I’m still amazed at just how much better a similar spin-off game is.
RECOMMENDATION:

Only for die-hard Dynasty Warriors fans.

I’ll be honest; I don’t know much about the history of the Dynasty Warriors series, so I can’t provide you a comprehensive look at the differences from the last iteration of the series. From what I understand, there have been a number of improvements, including a more directed story experience with better character development, better graphics, more varied characters, and the inclusion of weapon machinery that can be utilized in battle. From a newcomer’s perspective, the additions don’t seem to make the game very interesting. Players can expect hours upon hours of grinding through underpowered enemies with little to break up the experience and keep it fresh. Having played the game side by side with Samurai Warriors: Chronicles, it’s clear that Dynasty Warriors doesn’t have the same flair as its spin-off series.

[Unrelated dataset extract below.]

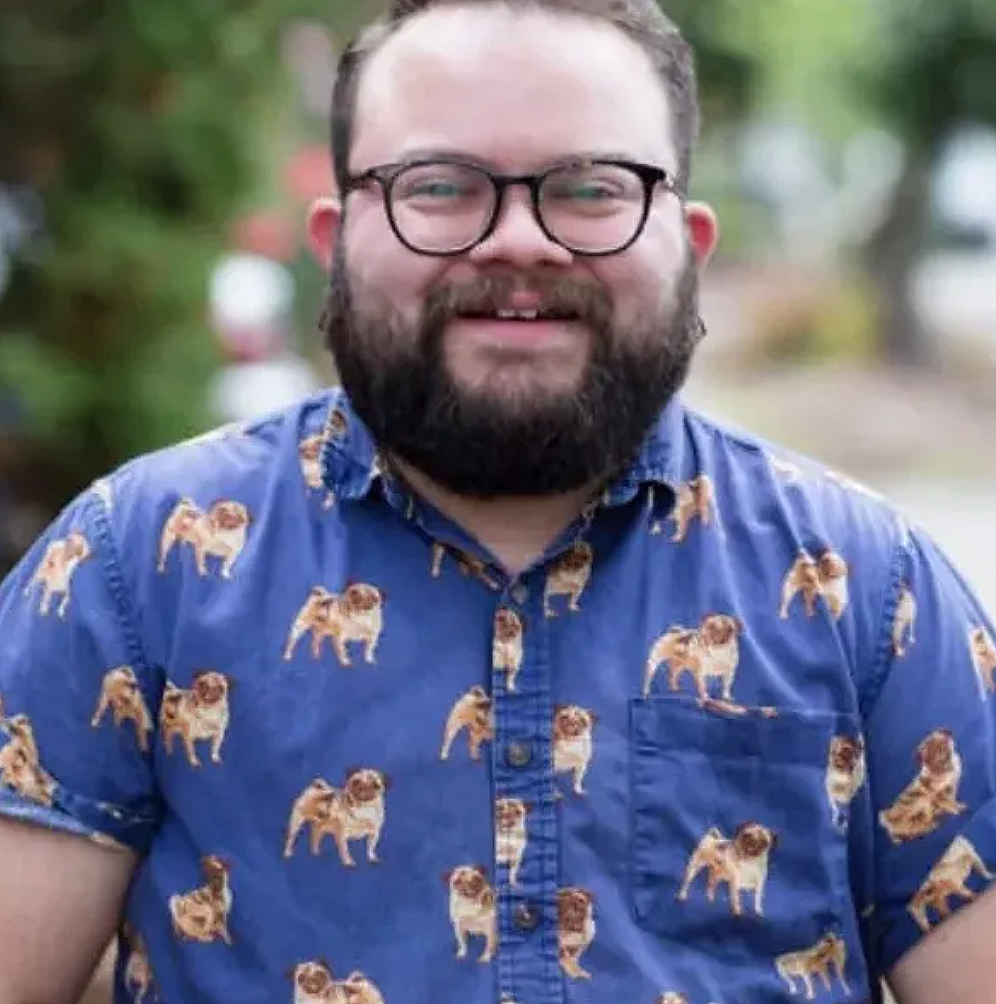 Screenshot 2025-10-30 at 11.38.52 AM.png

Being that both Samurai Warriors and Dynasty Warriors are such similar games, it was hard for me to pinpoint what was to cause such a disparity in my enjoyment. As it turns out, the objectives were the main cause of my dissatisfaction with Dynasty Warriors. In Samurai Warriors, while you are doing the same thing (hack ‘n’ slashing thousands of enemies), the objectives there were always evolving and changing and were extremely varied. Dynasty Warriors 7 is more straightforward, with simpler objectives and less sudden new objectives to complete.

The resulting gameplay is much less interesting, leaving you to look forward only to button-mashing your way through more enemies. Even in co-op, both locally and online, the experience still feels flat and lifeless. Part of the problem, I’m sure, has to do with the sheer amount of content in the game. While playing through the Chronicles mode, the game shows you a honeycomb map that you must progress through; it’s enormous. That daunting sight makes it that much harder to get through the bland, unchanging battles.

Even worse, Chronicles mode is more of an ancillary quest, leaving the entire main quest of more of the same to work through. While Dynasty Warriors fans will love the avalanche of content, everyone else will likely grow tired of performing the same tasks ad infinitum.

In terms of difficulty, the game seems to always be one step ahead of you, forcing a replay of particular challenges in order to level up your character and earn new weaponry, both of which will stick with you regardless of losing the battle. Needless to say, replaying the same mission that feels the same as the other missions is doubly frustrating and downright unappealing.

The game earns its only points on having a plethora of weapons and fighters all of which slightly vary the fighting experience. In very short bursts, the game can be tolerable, but with a number of preceding titles with exactly the same gameplay, it makes no sense to spring for the latest when the rest are more than sufficient.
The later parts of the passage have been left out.